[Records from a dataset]
--------

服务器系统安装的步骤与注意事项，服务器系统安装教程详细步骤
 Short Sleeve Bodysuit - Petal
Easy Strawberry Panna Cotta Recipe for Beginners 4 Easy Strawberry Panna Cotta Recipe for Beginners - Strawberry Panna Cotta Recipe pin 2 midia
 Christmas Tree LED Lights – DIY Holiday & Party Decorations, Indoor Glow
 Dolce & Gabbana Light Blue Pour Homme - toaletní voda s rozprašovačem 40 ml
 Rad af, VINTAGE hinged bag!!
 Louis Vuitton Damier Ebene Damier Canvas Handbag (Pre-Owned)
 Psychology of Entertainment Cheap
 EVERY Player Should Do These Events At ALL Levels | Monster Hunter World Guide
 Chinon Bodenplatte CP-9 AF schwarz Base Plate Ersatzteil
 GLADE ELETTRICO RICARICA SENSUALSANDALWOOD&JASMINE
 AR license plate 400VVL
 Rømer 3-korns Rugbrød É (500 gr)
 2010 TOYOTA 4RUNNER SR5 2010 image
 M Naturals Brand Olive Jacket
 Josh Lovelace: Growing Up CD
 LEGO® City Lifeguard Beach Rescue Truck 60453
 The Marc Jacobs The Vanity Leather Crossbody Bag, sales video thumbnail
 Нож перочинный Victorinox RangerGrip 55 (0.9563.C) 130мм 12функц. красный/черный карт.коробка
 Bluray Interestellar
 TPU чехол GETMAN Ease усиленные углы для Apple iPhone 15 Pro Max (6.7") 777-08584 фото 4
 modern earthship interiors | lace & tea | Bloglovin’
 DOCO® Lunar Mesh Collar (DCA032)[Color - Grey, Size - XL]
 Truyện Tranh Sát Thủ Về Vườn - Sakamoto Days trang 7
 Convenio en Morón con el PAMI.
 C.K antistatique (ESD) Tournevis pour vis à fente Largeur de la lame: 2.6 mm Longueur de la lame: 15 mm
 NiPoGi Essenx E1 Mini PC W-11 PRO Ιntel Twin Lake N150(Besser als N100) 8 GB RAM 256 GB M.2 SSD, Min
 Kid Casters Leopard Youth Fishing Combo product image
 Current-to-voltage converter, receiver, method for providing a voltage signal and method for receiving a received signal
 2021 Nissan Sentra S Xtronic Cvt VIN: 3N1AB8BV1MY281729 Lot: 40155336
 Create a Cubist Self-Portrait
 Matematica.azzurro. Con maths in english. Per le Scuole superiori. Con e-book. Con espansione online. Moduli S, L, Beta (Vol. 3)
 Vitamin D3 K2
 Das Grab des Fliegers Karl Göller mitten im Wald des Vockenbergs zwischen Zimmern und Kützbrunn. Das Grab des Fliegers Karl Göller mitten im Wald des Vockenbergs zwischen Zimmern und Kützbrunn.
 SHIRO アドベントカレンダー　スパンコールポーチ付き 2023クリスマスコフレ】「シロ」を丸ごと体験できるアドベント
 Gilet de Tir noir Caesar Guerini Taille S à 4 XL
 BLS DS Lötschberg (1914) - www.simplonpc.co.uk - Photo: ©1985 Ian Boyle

--------

With every line intact, print the records above again.

Answer for the task -
服务器系统安装的步骤与注意事项，服务器系统安装教程详细步骤
 Short Sleeve Bodysuit - Petal
Easy Strawberry Panna Cotta Recipe for Beginners 4 Easy Strawberry Panna Cotta Recipe for Beginners - Strawberry Panna Cotta Recipe pin 2 midia
 Christmas Tree LED Lights – DIY Holiday & Party Decorations, Indoor Glow
 Dolce & Gabbana Light Blue Pour Homme - toaletní voda s rozprašovačem 40 ml
 Rad af, VINTAGE hinged bag!!
 Louis Vuitton Damier Ebene Damier Canvas Handbag (Pre-Owned)
 Psychology of Entertainment Cheap
 EVERY Player Should Do These Events At ALL Levels | Monster Hunter World Guide
 Chinon Bodenplatte CP-9 AF schwarz Base Plate Ersatzteil
 GLADE ELETTRICO RICARICA SENSUALSANDALWOOD&JASMINE
 AR license plate 400VVL
 Rømer 3-korns Rugbrød É (500 gr)
 2010 TOYOTA 4RUNNER SR5 2010 image
 M Naturals Brand Olive Jacket
 Josh Lovelace: Growing Up CD
 LEGO® City Lifeguard Beach Rescue Truck 60453
 The Marc Jacobs The Vanity Leather Crossbody Bag, sales video thumbnail
 Нож перочинный Victorinox RangerGrip 55 (0.9563.C) 130мм 12функц. красный/черный карт.коробка
 Bluray Interestellar
 TPU чехол GETMAN Ease усиленные углы для Apple iPhone 15 Pro Max (6.7") 777-08584 фото 4
 modern earthship interiors | lace & tea | Bloglovin’
 DOCO® Lunar Mesh Collar (DCA032)[Color - Grey, Size - XL]
 Truyện Tranh Sát Thủ Về Vườn - Sakamoto Days trang 7
 Convenio en Morón con el PAMI.
 C.K antistatique (ESD) Tournevis pour vis à fente Largeur de la lame: 2.6 mm Longueur de la lame: 15 mm
 NiPoGi Essenx E1 Mini PC W-11 PRO Ιntel Twin Lake N150(Besser als N100) 8 GB RAM 256 GB M.2 SSD, Min
 Kid Casters Leopard Youth Fishing Combo product image
 Current-to-voltage converter, receiver, method for providing a voltage signal and method for receiving a received signal
 2021 Nissan Sentra S Xtronic Cvt VIN: 3N1AB8BV1MY281729 Lot: 40155336
 Create a Cubist Self-Portrait
 Matematica.azzurro. Con maths in english. Per le Scuole superiori. Con e-book. Con espansione online. Moduli S, L, Beta (Vol. 3)
 Vitamin D3 K2
 Das Grab des Fliegers Karl Göller mitten im Wald des Vockenbergs zwischen Zimmern und Kützbrunn. Das Grab des Fliegers Karl Göller mitten im Wald des Vockenbergs zwischen Zimmern und Kützbrunn.
 SHIRO アドベントカレンダー　スパンコールポーチ付き 2023クリスマスコフレ】「シロ」を丸ごと体験できるアドベント
 Gilet de Tir noir Caesar Guerini Taille S à 4 XL
 BLS DS Lötschberg (1914) - www.simplonpc.co.uk - Photo: ©1985 Ian Boyle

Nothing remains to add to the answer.